▶ **Records for this task**
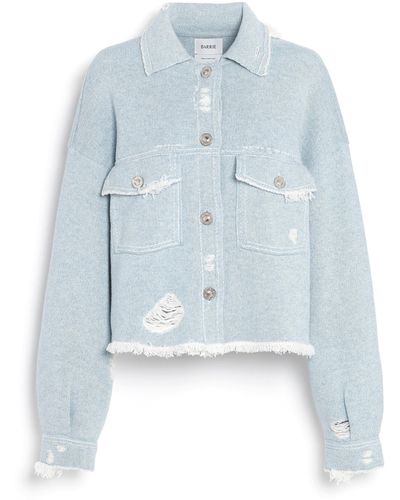 Barrie Denim Fringed Cashmere And Cotton Jacket - Blue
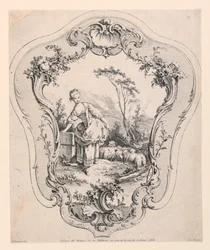 Rocaille-paneel, met scène van een herderin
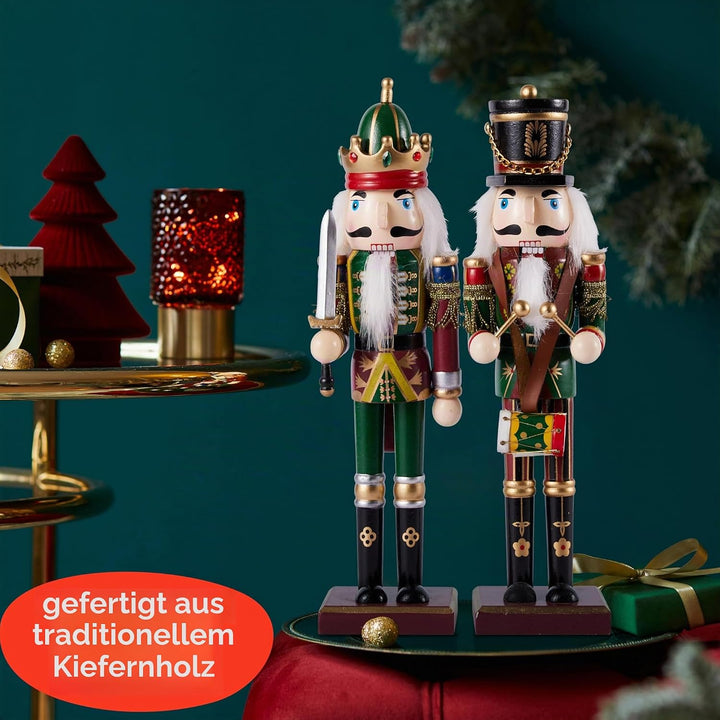 THE TWIDDLERS 2 Grosse Nussknacker Weihnachtsfiguren aus Holz, 30cm - Traditionelle Weihnachtsdeko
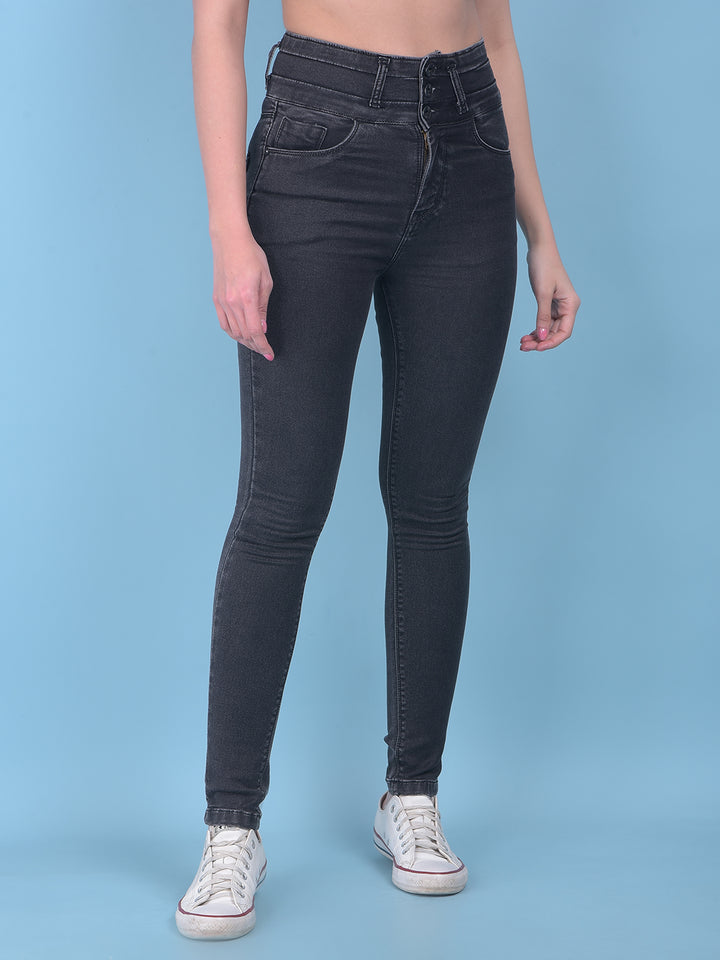 Grey High-Waist Jeans Jeans-Women Jeans-Crimsoune Club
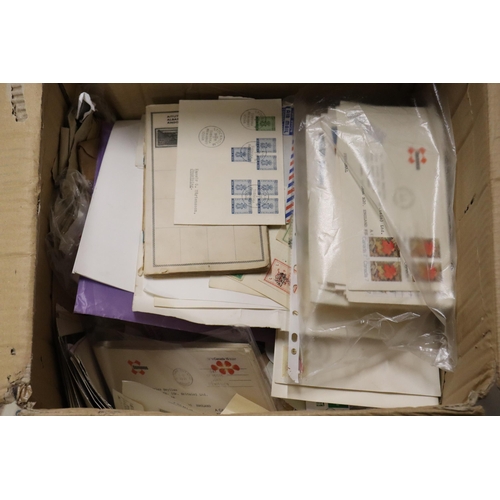 395 - A LARGE CARTON HOUSING FDCs, ALBUM PAGES AND A LINCOLN ALBUM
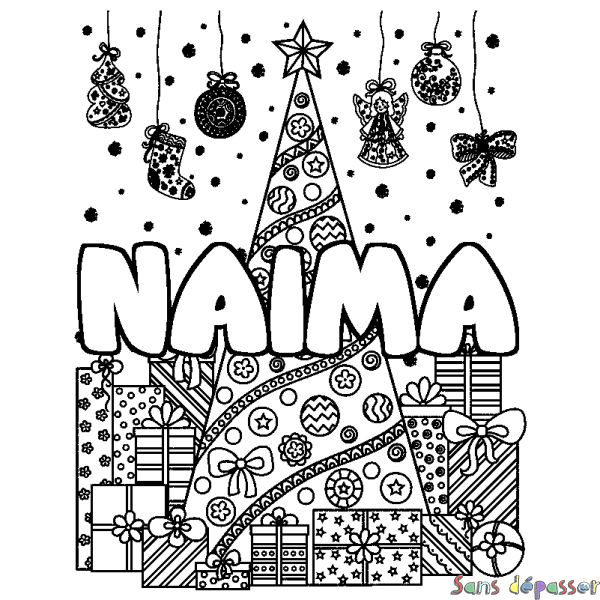 Coloriage prénom NAIMA - d&eacute;cor Sapin et Cadeaux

▶ **Task brief**
Restate each entry word for word; omit the pictures.

▶ **Finished task**
 Barrie Denim Fringed Cashmere And Cotton Jacket - Blue
 Rocaille-paneel, met scène van een herderin
 THE TWIDDLERS 2 Grosse Nussknacker Weihnachtsfiguren aus Holz, 30cm - Traditionelle Weihnachtsdeko
 Grey High-Waist Jeans Jeans-Women Jeans-Crimsoune Club
 395 - A LARGE CARTON HOUSING FDCs, ALBUM PAGES AND A LINCOLN ALBUM
 Coloriage prénom NAIMA - d&eacute;cor Sapin et Cadeaux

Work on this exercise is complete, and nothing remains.